The Great Red Dragon and the Beast from the Sea

Provenance

Marsden J. Perry (Lugt 1880), LJR (Lugt Supp.1760b)

The Great Red Dragon and the Beast from the Sea

Blake, William

c. 1805

Accession Number

1943.3.8997

Medium

pen and ink with watercolor over graphite

Dimensions

Overall: 40.1 x 35.6 cm (15 13/16 x 14 in.) | support: 54.8 x 44 cm (21 9/16 x 17 5/16 in.) | mat: 71.1 x 55.9 cm (28 x 22 in.)

Classification

Drawing

Museum

National Gallery of Art

Washington, D.C., United States

Credit Line

Rosenwald Collection

Tags

Drawing Neoclassical & Romantic (1751–1850) Watercolor Ink Graphite & Pencil British

Background & Context

Background Story

William Blake (1757-1827) was an English poet, painter, and printmaker whose visionary works combine apocalyptic imagery with radical theology in a way that remains unique in the history of Western art.

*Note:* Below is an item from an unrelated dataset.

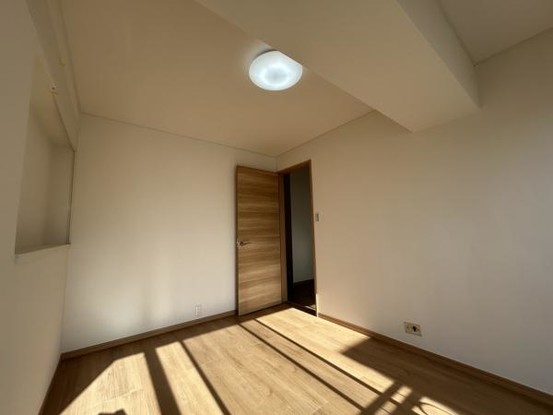 apartment 長野県長野市若里７丁目11番8号　坂田ビル　3階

The Great Red Dragon and the Beast from the Sea from c. 1805 is an illustration for the Book of Revelation, depicting two of the most terrifying figures in biblical eschatology: the Great Red Dragon (Satan) and the Beast rising from the sea (the Antichrist). Blake's treatment is characteristically visionary: the figures are rendered with a muscular energy and a terrifying grandeur that make the biblical prophecy feel immediate and real rather than remote and allegorical.

Cultural Impact

Blake's illustrations for the Book of Revelation are among the most powerful visual interpretations of biblical eschatology in Western art because they treat the visionary text as a direct experience rather than a distant prophecy. The Great Red Dragon and the Beast from the Sea are not symbolic figures standing for abstract concepts but actual presences—beings of terrifying physical reality that Blake renders with a muscular energy that makes the viewer feel the apocalyptic vision rather than merely understanding it intellectually.

Why It Matters

The Great Red Dragon and the Beast from the Sea is Blake's apocalyptic vision at its most terrifying: two of Revelation's most fearsome beings rendered with muscular energy and physical grandeur that make the biblical prophecy feel immediate and real. The pen and watercolor medium gives the vision a luminous intensity that oil painting could not match—Blake's apocalypse is both drawn and painted, both linear and atmospheric.